Di pojokan lapangan ada satu jalan kecil. Jalan itulah satu-satunya akses untuk sampai ke kampung nenekku. Di lapangan itu juga ada sebuah sekolah SMK yang langsung berhimpitan dengan kampung nenekku, jadi bisa di bilang kampung nenekku itu di kelilingi tembok besar yang langsung berbatasan dengan SMK itu. Nah di tengah-tengah lapangan itu ada sebuah rumah besar biasa orang jawa menyebutnya “Pendopo”.
Nah biasa setiap hari pendopo itu selalu digunakan untuk kegiatan sekolah ataupun kampung. Setiap sore pasti ada satu orang laki-laki berambut gondrong yang biasa tidur disitu. Orang-orang kampung nenekku biasa memanggil dia dengan nama “Didik”, dia orang yang lucu meski agak kurang waras. Dia biasa bermain dengan anak-anak di kampung nenekku. Juga kadang-kadang orang-orang di kampung memberi makan, kadang memberi pakaian. Ya, mungkin sudah di anggap warga sendiri.

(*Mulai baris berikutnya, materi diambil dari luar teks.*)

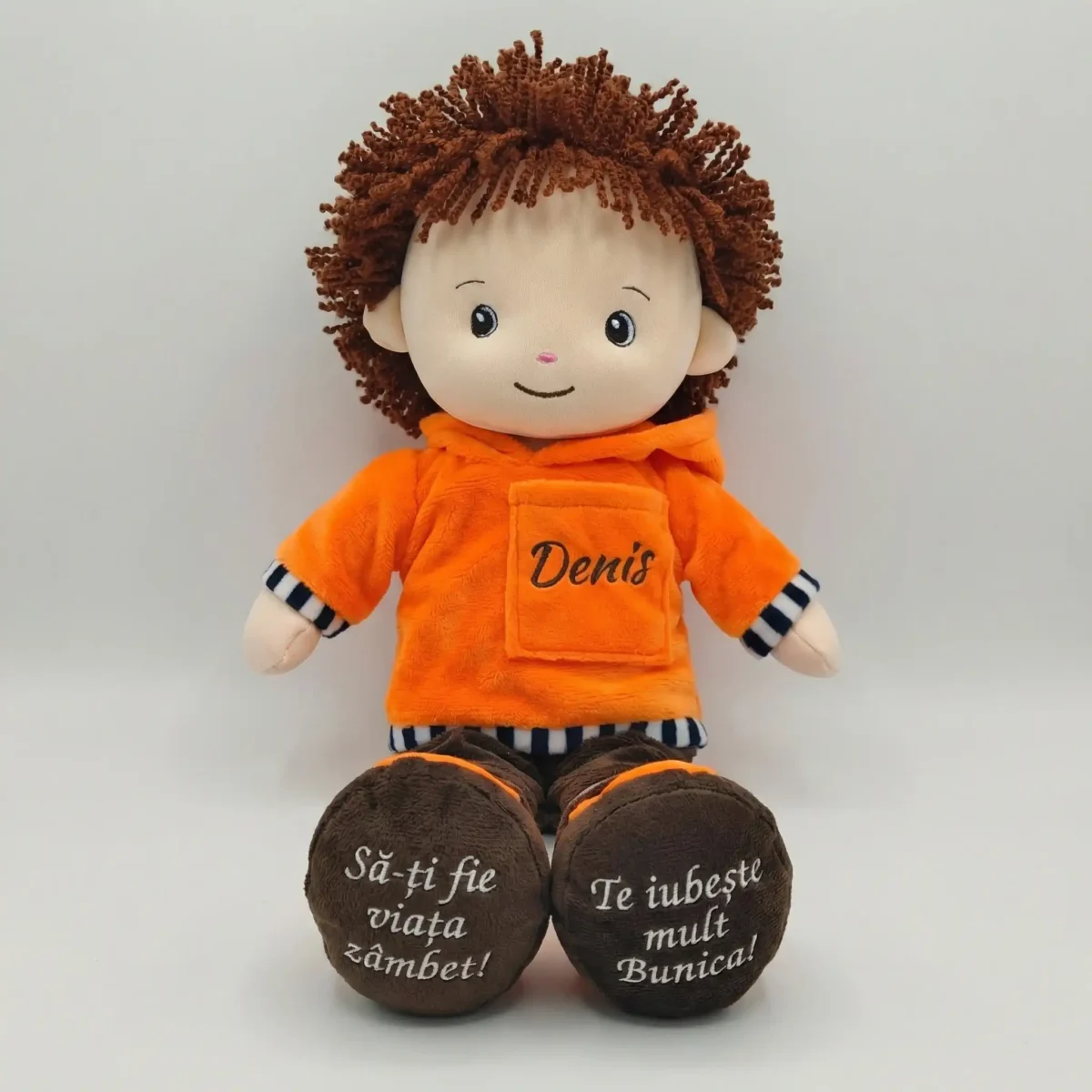 Papusa Personalizata Baietel Portocaliu2 Papusa Personalizata Baietel Portocaliu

Sore itu Didik bertingkah aneh tidak seperti biasanya, mungkin karena kurang waras jadi sudah di anggap biasa oleh warga sekitar. Malam pun tiba tidak seperti biasa pendopo itu sepi tidak ada kegiatan. Warga pun sudah tidak ada yang keluar padahal jam 20.00 itu waktu ramai-ramainya di kampung itu. Didik pun juga tidak kelihatan. Paginya kampung nenekku heboh. Didik meninggal dunia, dia gantung diri di dalam wc sekolah SMK itu dengan keadaan hanya pake handuk saja. Kita warga kampung merasa kehilangan juga sih.

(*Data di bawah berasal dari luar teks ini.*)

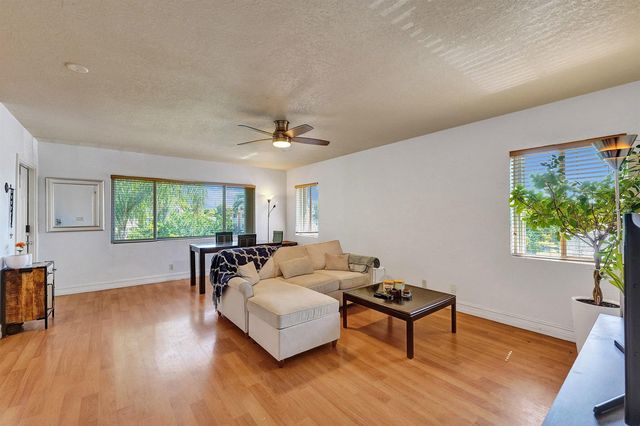 1423 HOLLY HEIGHTS Drive 12, Fort Lauderdale, FL 33304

Dari sinilah teror di mulai. Malam itu mungkin 3 hari setelah kematiannya. Salah seorang warga melihat Didik duduk di pendopo. Cerita itu pun segera menyebar. Aku dan teman teman pun seperti tidak percaya. Akhirnya kita membuktikannya. Sekitar tengah malam aku dan teman-teman keluar dari kampung ke pendopo itu. Ternyata benar ada si Didik duduk cengengesan disitu. Sumpah kita semua lari berpencar gak tahu arah. Sejak saat itu kampung nenek jadi sepi banget apalagi selepas maghrib.
Sesepuh desa pun turun tangan. Malam itu warga dan sesepuh kampung pun melakukan ritual pemanggilan si Didik. Sesajen lengkap, ritual pun di mulai, hembusan angin tiba-tiba menjadi kencang dan si Didik pun nongol dengan santainya duduk di atap pendopo. Dan kenapa si Didik ngelakuin teror itu ternyata dia hanya minta baju sama celananya di kubur juga.
Tapi setelah kejadian itu kampung nenekku kembali seperti dulu meski sampai sekarang masih saja nongol tuh si Didik hanya saja tidak sesering dulu. Mungkin dia masih ingin jadi warga kampung nenekku kali ya. Sekian ceritaku.